Lembrete: os portos públicos não precisam de mais problemas para competir com os Terminais de Uso Privado (TUP). Além disso, como já mencionado, embora a renovação contratual não seja obrigatória, a oportunidade de renovar deve considerar o desempenho histórico do contratado, a tipologia da carga operada em função da demanda nacional e internacional, em médio e longo prazo, entre outras variáveis.

No caso da tipologia de carga, também é importante avaliar se a “clusterização”, em certos setores, não está “engessando” a possibilidade de atração de novas cargas, de maior valor agregado, considerando a intencionalidade dos governos Federal e Estadual na reindustrialização do país. O que falta, ao que parece, é avaliação de horizontes econômicos.

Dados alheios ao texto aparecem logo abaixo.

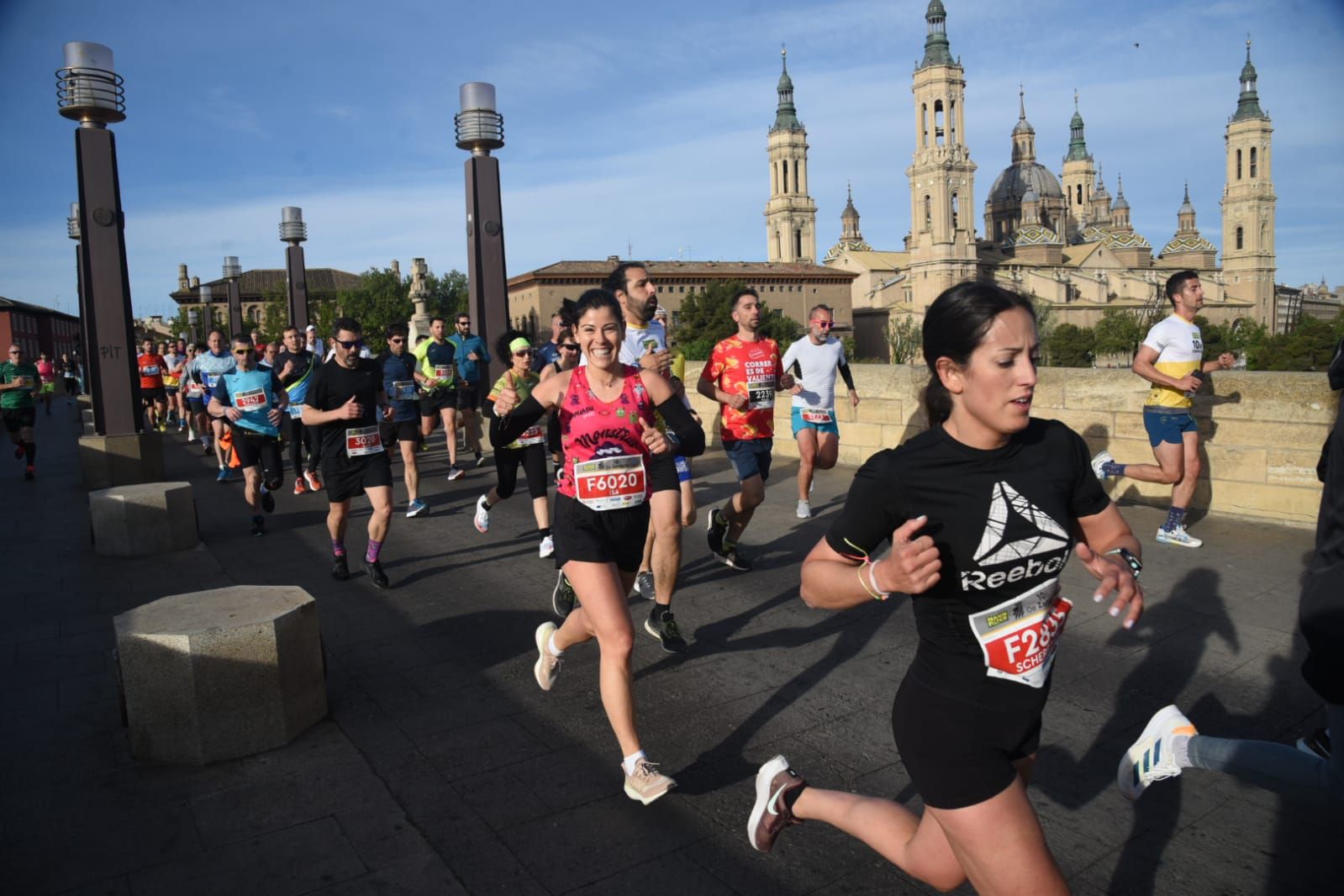 FOTOGALERÍA | Búscate en el Maratón de Zaragoza 2023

Também é importante reavaliar a burocracia que envolve as licitações de áreas portuárias. Recente artigo, de autoria de Luís Cláudio Montenegro, aponta que cerca de 56% das áreas dos portos públicos nacionais estão desocupadas!

Burocracia que envolve licenciamentos ambientais e judicializações, que, até certo ponto surpreendentemente, opôs o atual Presidente à sua Ministra do Meio Ambiente e Mudança do Clima, no que se refere à exploração de petróleo a mais de 500 km da foz do Rio Amazonas, vetada pelo Ibama. O curioso é que a Petrobras, caso não consiga reverter essa decisão, pretende efetuar essa operação no Suriname ou na Guiana Francesa. Curioso sobretudo no caso da Guiana Francesa, território ultramarino de um dos países que mais cobra compromissos ambientais do Brasil.

Misturei alhos com bugalhos, rimando boi com abóbora e açúcar com sal?

Isso só mostra a complexidade e a interação dos problemas que o Brasil precisa resolver, interna e externamente, para deixar de ser o país de um futuro constantemente adiado.

Talvez, mas, por falar em bovinos – que integram um dos setores do agronegócio, “carro-chefe” das exportações nacionais -, valem algumas analogias relativas:

Não adianta o Brasil ser como uma vaca holandesa, produzindo litros e mais litros de leite para, depois, dar um coice no balde, entendido como a burocracia estatal e a falta de investimentos em logística. Tampouco faz sentido querer leite e carne em abundância, sem ter pasto e ração para alimentar e expandir o rebanho, entendido como incentivos à produção e empregabilidade associada. Por fim, diz o ditado que é o olho do dono que engorda. Assim, o governo deve agir para que a economia prospere, o que não vai ocorrer se priorizar comer a “carne” até “roer o osso”.